Reproduce exactly, leaving out pictures, each line from the one holding "Surya htb mona" through the final line of the listing, and add nothing.

# Data shown

>>>

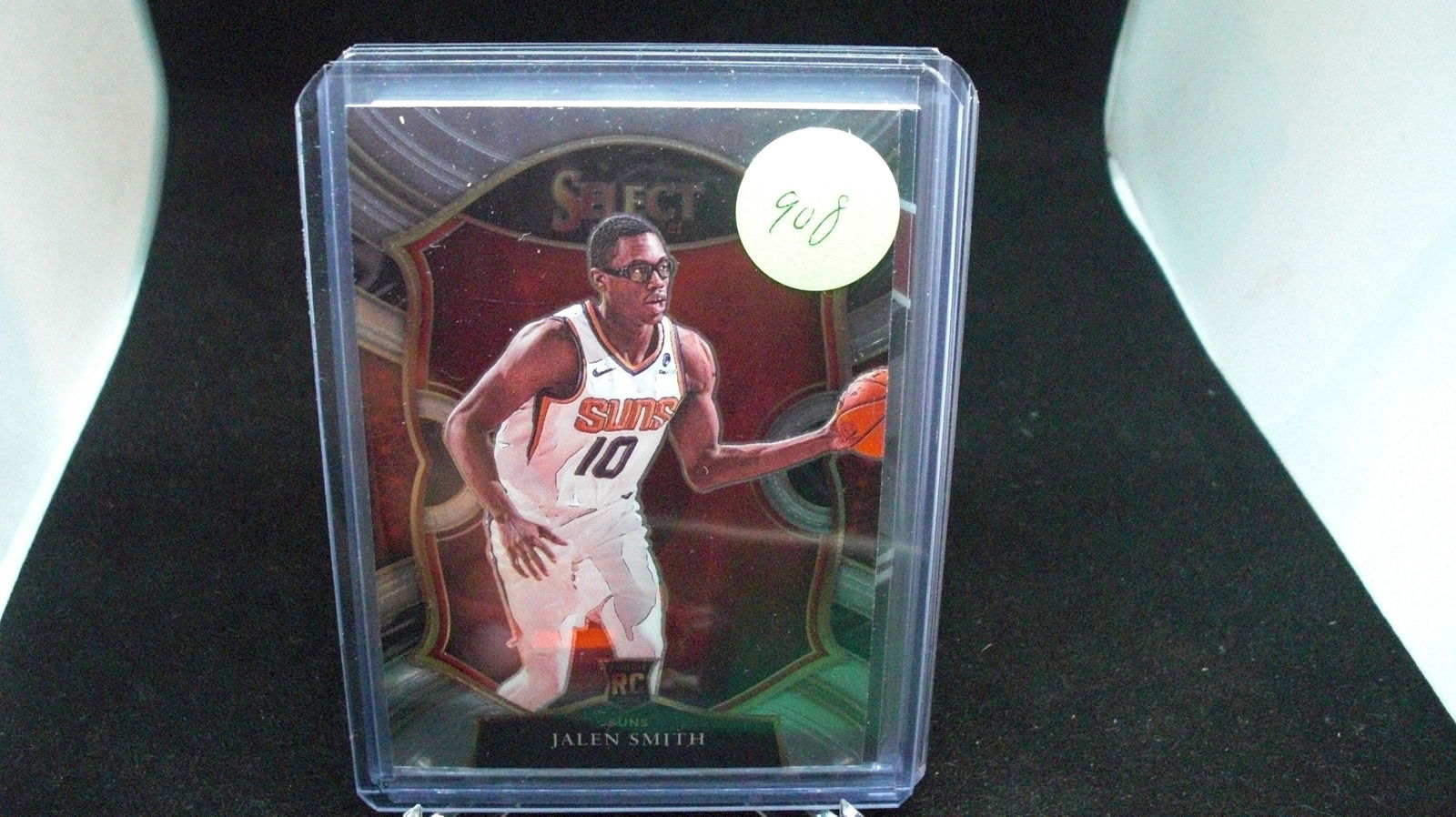 jalen smith select rookie (1 of 1)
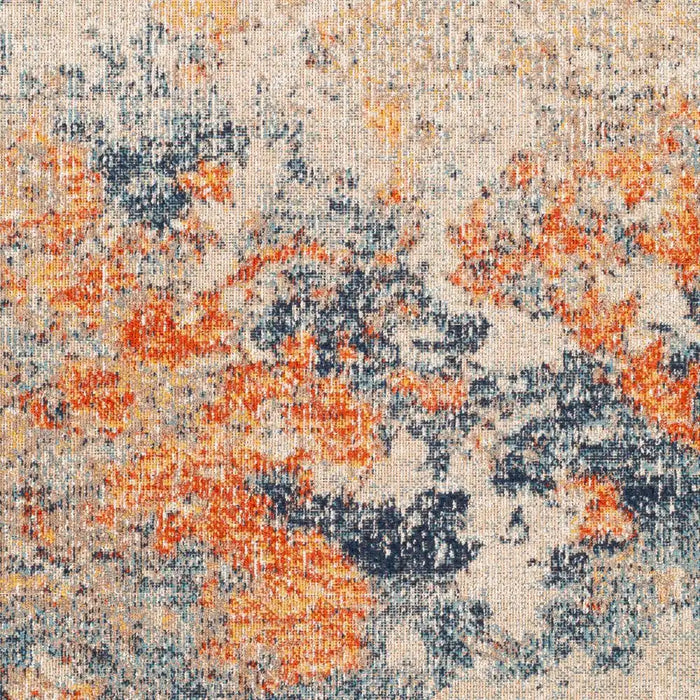 Surya htb mona 2325 multicoloured Multicoloured Living Room Moroccan Rug.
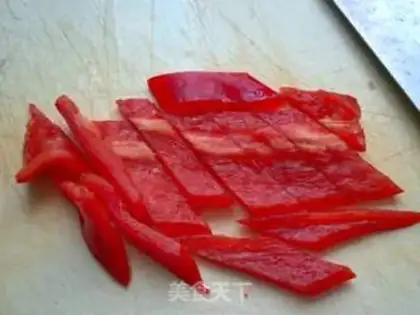 Make Double-fried celery step 3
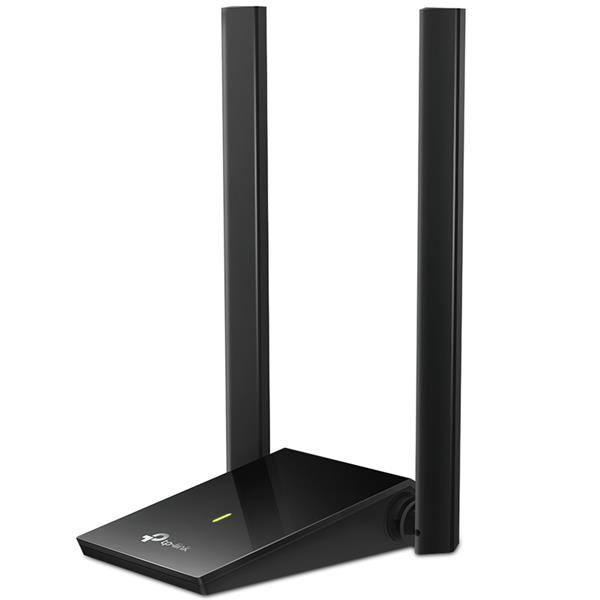 ADAPTADOR USB WIFI TP-LINK ARCHER T4U PLUS AC1300 DUAL BAND 2.4 - 5GHZ 1300MBPS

<<<

# Task output
 Surya htb mona 2325 multicoloured Multicoloured Living Room Moroccan Rug.
 Make Double-fried celery step 3
 ADAPTADOR USB WIFI TP-LINK ARCHER T4U PLUS AC1300 DUAL BAND 2.4 - 5GHZ 1300MBPS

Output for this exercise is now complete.